WHAT THE TASK ASKS: Produce word for word the lines of the data below running from the one that has "Here we have" to the one that has "The Ecolet toilet", inclusive, and no others.

SUPPLIED INFORMATION:
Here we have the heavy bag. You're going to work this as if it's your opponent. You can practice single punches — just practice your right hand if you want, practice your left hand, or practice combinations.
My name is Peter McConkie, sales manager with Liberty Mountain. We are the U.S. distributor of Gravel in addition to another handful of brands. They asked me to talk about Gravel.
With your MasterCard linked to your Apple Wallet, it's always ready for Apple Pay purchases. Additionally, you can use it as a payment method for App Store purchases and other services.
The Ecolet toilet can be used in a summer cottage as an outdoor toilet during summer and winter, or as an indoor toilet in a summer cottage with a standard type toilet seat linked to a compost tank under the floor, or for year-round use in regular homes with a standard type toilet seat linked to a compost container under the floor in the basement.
---
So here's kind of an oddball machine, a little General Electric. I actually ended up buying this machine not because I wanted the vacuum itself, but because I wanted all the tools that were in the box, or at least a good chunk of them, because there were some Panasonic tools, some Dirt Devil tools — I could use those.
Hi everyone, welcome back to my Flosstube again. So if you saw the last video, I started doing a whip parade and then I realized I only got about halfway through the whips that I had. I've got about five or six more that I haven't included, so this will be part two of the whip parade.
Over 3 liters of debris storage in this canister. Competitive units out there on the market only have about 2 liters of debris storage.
---
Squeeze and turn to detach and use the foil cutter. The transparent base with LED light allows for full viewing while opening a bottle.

THE COMPLETED TASK:
Here we have the heavy bag. You're going to work this as if it's your opponent. You can practice single punches — just practice your right hand if you want, practice your left hand, or practice combinations.
My name is Peter McConkie, sales manager with Liberty Mountain. We are the U.S. distributor of Gravel in addition to another handful of brands. They asked me to talk about Gravel.
With your MasterCard linked to your Apple Wallet, it's always ready for Apple Pay purchases. Additionally, you can use it as a payment method for App Store purchases and other services.
The Ecolet toilet can be used in a summer cottage as an outdoor toilet during summer and winter, or as an indoor toilet in a summer cottage with a standard type toilet seat linked to a compost tank under the floor, or for year-round use in regular homes with a standard type toilet seat linked to a compost container under the floor in the basement.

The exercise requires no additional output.